Simpler tooling requirements, reducing overall costs.
Suitable for creating internal threads in small holes.
Disadvantages of Tapping:
Limited to shallower holes due to the need for the tap to fully penetrate the material.
Risk of tap breakage, especially in harder materials.
Less flexible in creating complex or custom thread profiles.
Advantages of Threading:
Greater precision and flexibility, especially with thread milling.
Ability to create stronger threads, particularly with rolled threads.
Suitable for deeper holes and more complex thread profiles.
Disadvantages of Threading:
Slower process, which may not be ideal for high-volume production.
Higher cost due to more specialized tools and equipment.
Requires more skilled operators and precise control.
Blind holes and through holes are used in different scenarios based on the assembly requirements. Blind holes, where the hole does not go through the entire material, are often used when the other side of the workpiece must remain intact or when a flush surface is needed on one side. Through holes, which pass completely through the material, are used when a fastener needs to extend all the way through the workpiece, often secured with a nut on the opposite side. The choice between tapping and threading can also depend on whether the hole is blind or through, with tapping being more common for blind holes and threading for through holes.
Both tapping and threading require specific tools, each suited to the method and material being used:
Tapered Taps
Tapered taps have a gradual taper at the end, making them ideal for starting the threading process. They are used to begin cutting threads in a pre-drilled hole, with the tapered design allowing for easier alignment and reducing the risk of tool breakage.
Plug Taps
Plug taps are used to continue the threading process after a tapered tap has started the thread. They have fewer tapered threads and more full-sized cutting edges, making them versatile for threading through holes or finishing the threads in a blind hole.
Bottom Taps
Bottom taps have full-sized cutting edges with minimal taper, designed for cutting threads to the bottom of a blind hole. These taps are essential when the full depth of the hole needs to be threaded, ensuring a strong and secure connection.
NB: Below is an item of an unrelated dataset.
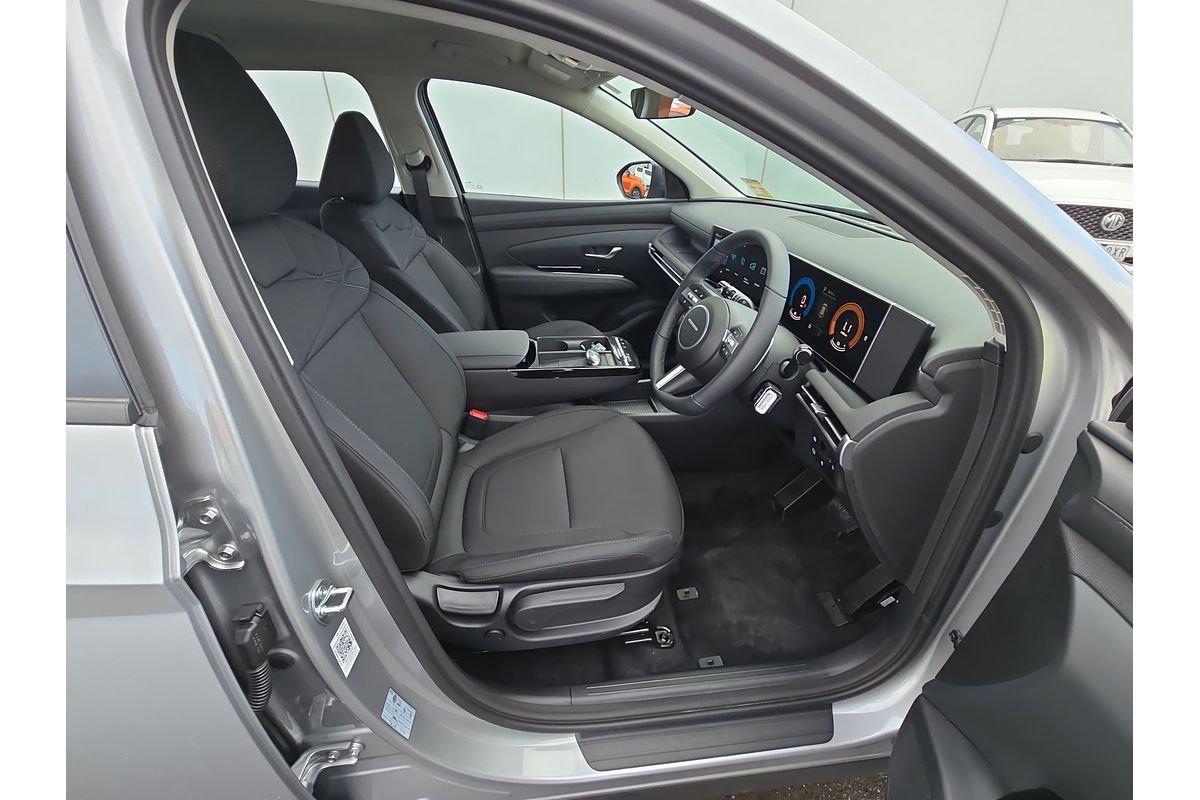 2025 Hyundai Tucson  NX4.V4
Choosing the correct drill size for tapping is critical for achieving accurate threads:
Check Tap Size
Start by determining the tap size needed for your project. The tap size will dictate the diameter of the hole that needs to be drilled.
Reference Drill Chart
Use a tap drill chart to find the correct drill bit size for the tap you are using. The chart provides the recommended drill size for various thread sizes and types, ensuring that the hole is properly sized for the tap.
Pre-Drilling
Pre-drilling the hole to the correct size is essential for successful tapping. Ensure that the hole is drilled straight and to the correct depth, especially when working with blind holes.
Material Considerations
Consider the material being tapped, as harder materials may require slightly larger drill sizes to reduce the force needed to tap the threads, preventing tool breakage and ensuring clean threads.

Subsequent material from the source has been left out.